# whats green and glows in the dark?



## Mark Newton (Jul 25, 2008)

No doubt you guessed, especially seeing my name next to the post. Put an oprder in for sime u beaut 4D cell 128 LED torches from the US - ahh...the benefits of being an ASF member... 

Took this shot using the 128 LED 390nm UV torch as a light source. The epicuticle fluoresces a green visible light when exposed to UV light. Scorpions maximally glow under 366nm.


----------



## callith (Jul 25, 2008)

Thats so cool


----------



## gman78 (Jul 25, 2008)

great image. What camera you got?


----------



## callith (Jul 25, 2008)

oh and in answer to your question, a scorpian


----------



## Kitah (Jul 25, 2008)

very nice  so..surreal lookin


----------



## bitey (Jul 25, 2008)

Looks like you painted him green....very badly.
What is ASF ?


----------



## slim6y (Jul 25, 2008)

When you're not taking pics of scorps, you can use your 390nm light to help with crime scene investigations...


----------



## Sturdy (Jul 25, 2008)

slim6y said:


> When you're not taking pics of scorps, you can use your 390nm light to help with crime scene investigations...


 
or to tell where my ex - g\f has been.


Mate thats some stunning photo work there. 


what type of scorp is it, thinking of getting a few myself.


----------



## pythoness (Jul 25, 2008)

awesome


----------



## hornet (Jul 26, 2008)

bitey said:


> Looks like you painted him green....very badly.
> What is ASF ?



australian scorpion forum


----------



## FNQ_Snake (Jul 26, 2008)

Very nice pic mate.
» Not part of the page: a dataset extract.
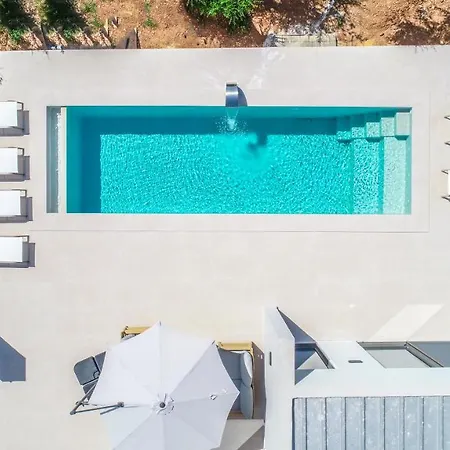 Vivian Heated Private Swimming Pool & Jacuzzi Georgioupoli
Very nice indeed.


----------



## dragon lady (Jul 26, 2008)

thats "green goblin...freaky!"


----------



## RedEyeGirl (Jul 26, 2008)

wow great pics and cooooooooooooooool scorpion!!!


----------



## Mark Newton (Jul 28, 2008)

ASF: *Aussie Scorpion Forum*: The definitive site for gaining knowledge on our scorpion fauna

I use a Nikon D50 digital SLR. I took this shot using the standard kit zoom, 28-55mm with the one LED torch for illumination. Hand held and steady at max aperture and ISO800, I think the shutter was about 1/40th.
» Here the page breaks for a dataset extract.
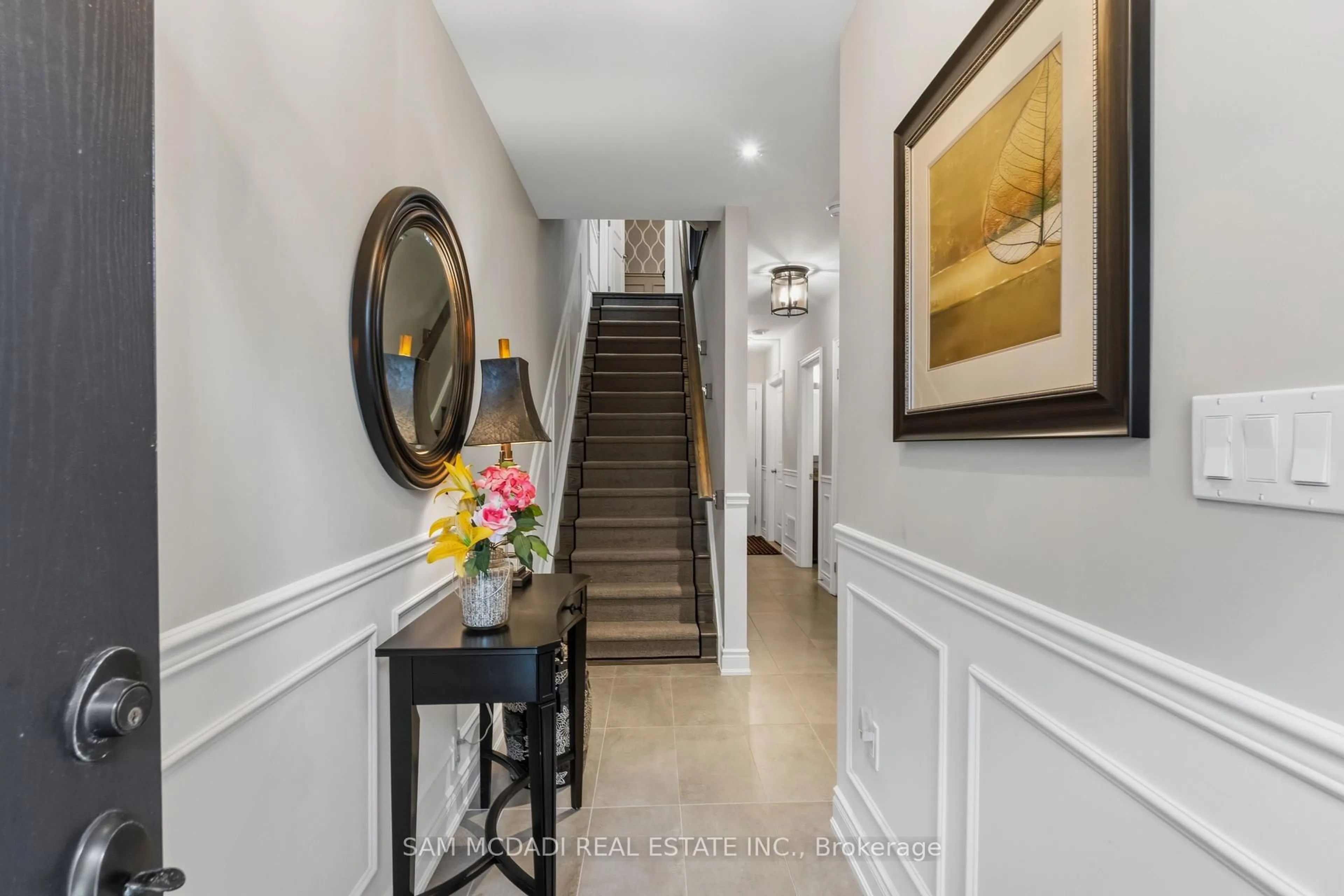 Indoor entryway for 2029 Queensborough Gate, Mississauga Ontario L5M 0Y1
The scorpion is _Urodacus elongatus_, (Flinders Ranges Scorpion).


----------



## missllama (Jul 28, 2008)

gorgeous there amazing little creatures


----------



## jaih (Jul 28, 2008)

Looks good.


----------



## Tim.Arm (Jul 28, 2008)

*Awsome critter mate.*


----------



## Tatelina (Jul 28, 2008)

VERY funky.


----------